Data shown:
☆ ☆ ☆

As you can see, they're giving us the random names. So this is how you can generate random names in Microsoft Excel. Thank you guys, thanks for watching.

☆ ☆ ☆

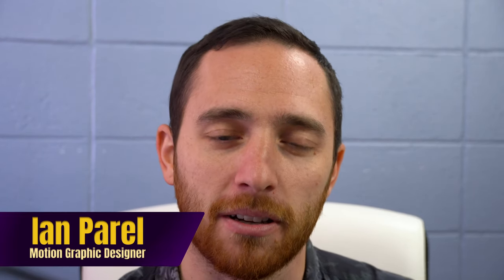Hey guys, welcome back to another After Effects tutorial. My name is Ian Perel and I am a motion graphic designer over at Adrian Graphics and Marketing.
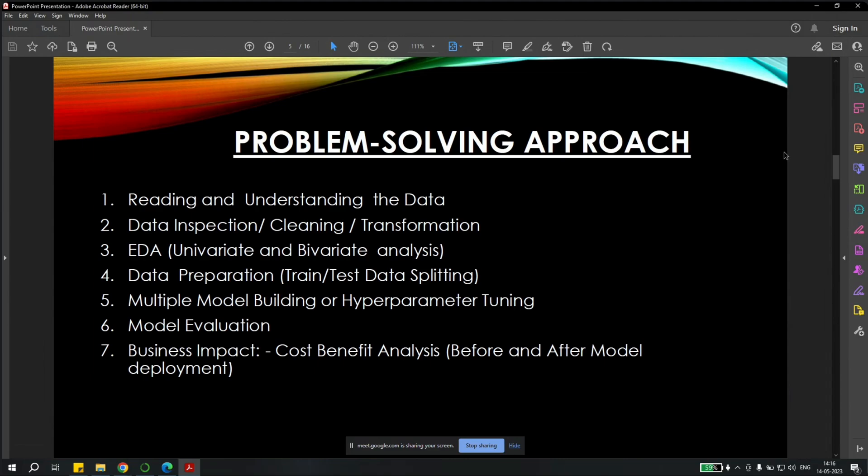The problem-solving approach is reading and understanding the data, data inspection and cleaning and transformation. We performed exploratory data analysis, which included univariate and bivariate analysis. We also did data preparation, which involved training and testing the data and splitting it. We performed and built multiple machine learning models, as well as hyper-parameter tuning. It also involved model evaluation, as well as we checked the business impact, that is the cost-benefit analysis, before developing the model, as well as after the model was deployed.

☆ ☆ ☆

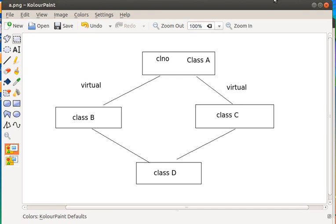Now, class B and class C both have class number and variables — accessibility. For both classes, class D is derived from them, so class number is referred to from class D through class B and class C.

☆ ☆ ☆

Task to carry out: Copy the lines above exactly, starting at the one with "Hey guys, welcome" and ending at the one with "The problem-solving approach", both included. Leave out any pictures and add nothing else.

Exercise solution:
Hey guys, welcome back to another After Effects tutorial. My name is Ian Perel and I am a motion graphic designer over at Adrian Graphics and Marketing.
The problem-solving approach is reading and understanding the data, data inspection and cleaning and transformation. We performed exploratory data analysis, which included univariate and bivariate analysis. We also did data preparation, which involved training and testing the data and splitting it. We performed and built multiple machine learning models, as well as hyper-parameter tuning. It also involved model evaluation, as well as we checked the business impact, that is the cost-benefit analysis, before developing the model, as well as after the model was deployed.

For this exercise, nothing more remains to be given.